━━━ Data shown

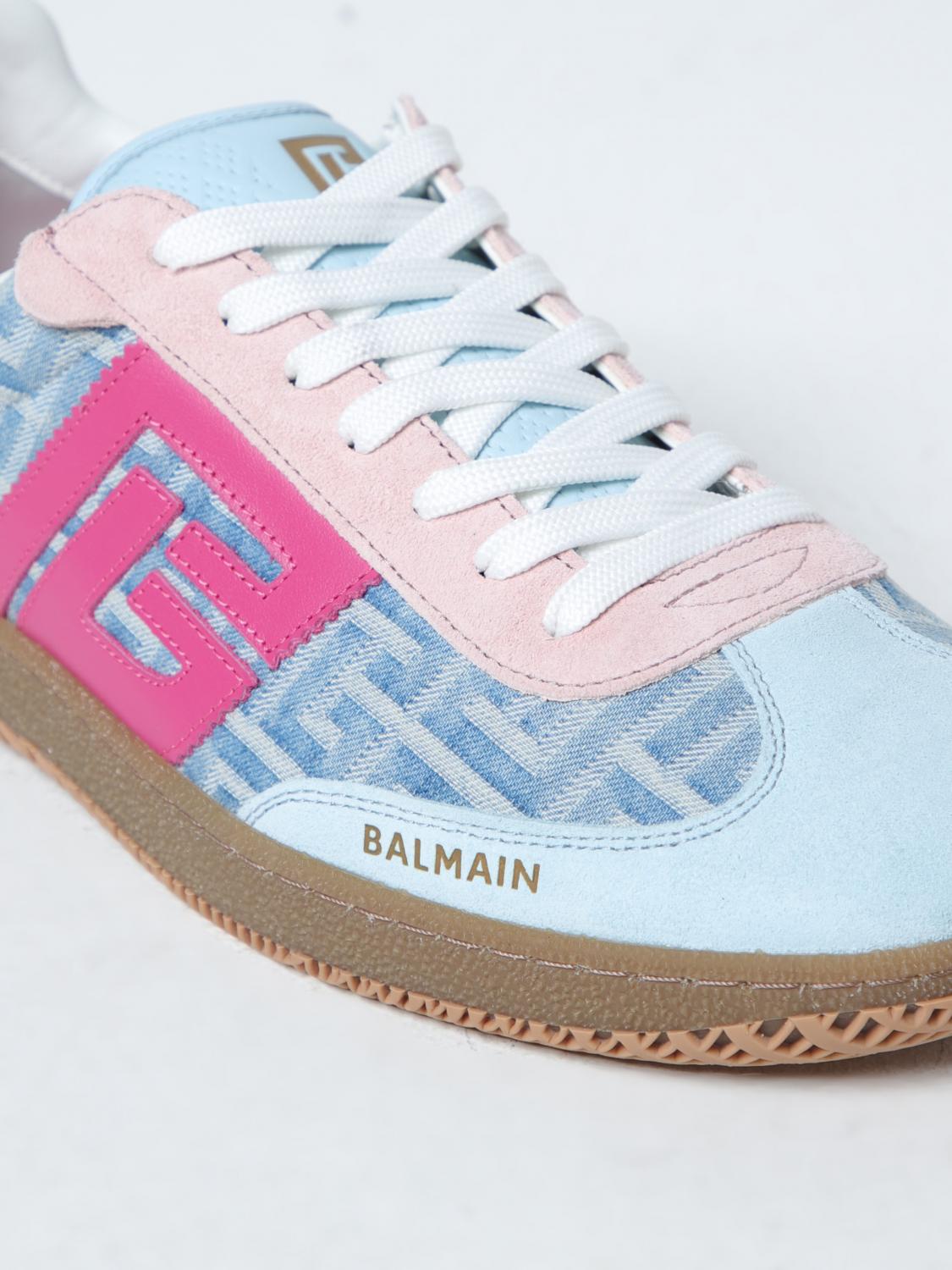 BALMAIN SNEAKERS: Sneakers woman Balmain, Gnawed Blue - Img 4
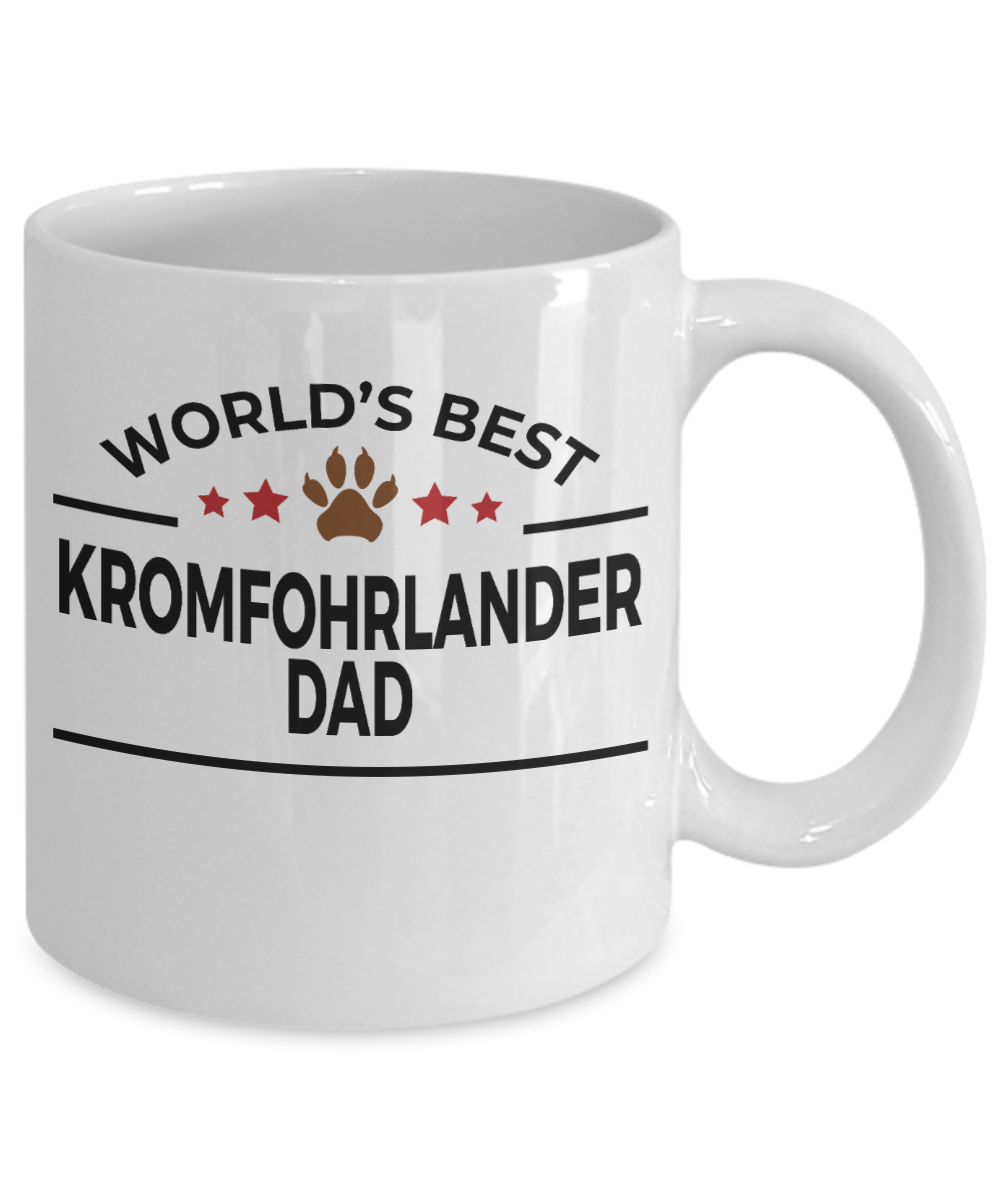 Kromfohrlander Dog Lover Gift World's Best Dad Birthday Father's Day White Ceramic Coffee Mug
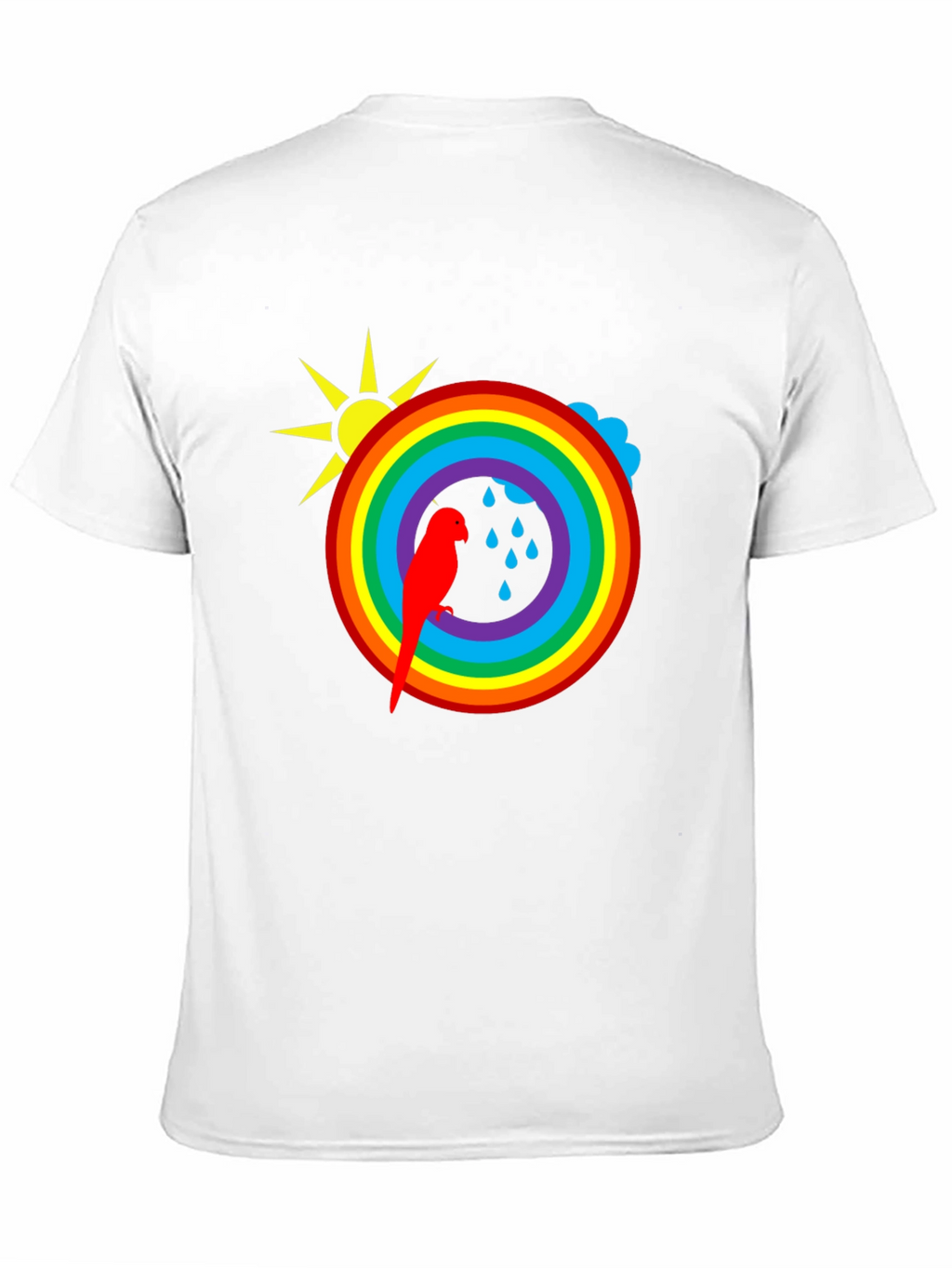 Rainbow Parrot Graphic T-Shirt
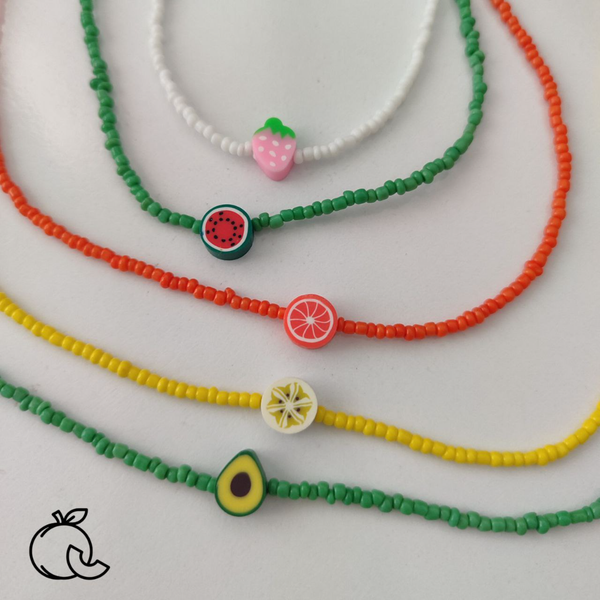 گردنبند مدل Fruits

━━━━━━

Reproduce verbatim every line starting at the line that holds "Kromfohrlander Dog Lover" and ending with the final line of the data; omit the pictures.

§ Exercise solution:
 Kromfohrlander Dog Lover Gift World's Best Dad Birthday Father's Day White Ceramic Coffee Mug
 Rainbow Parrot Graphic T-Shirt
 گردنبند مدل Fruits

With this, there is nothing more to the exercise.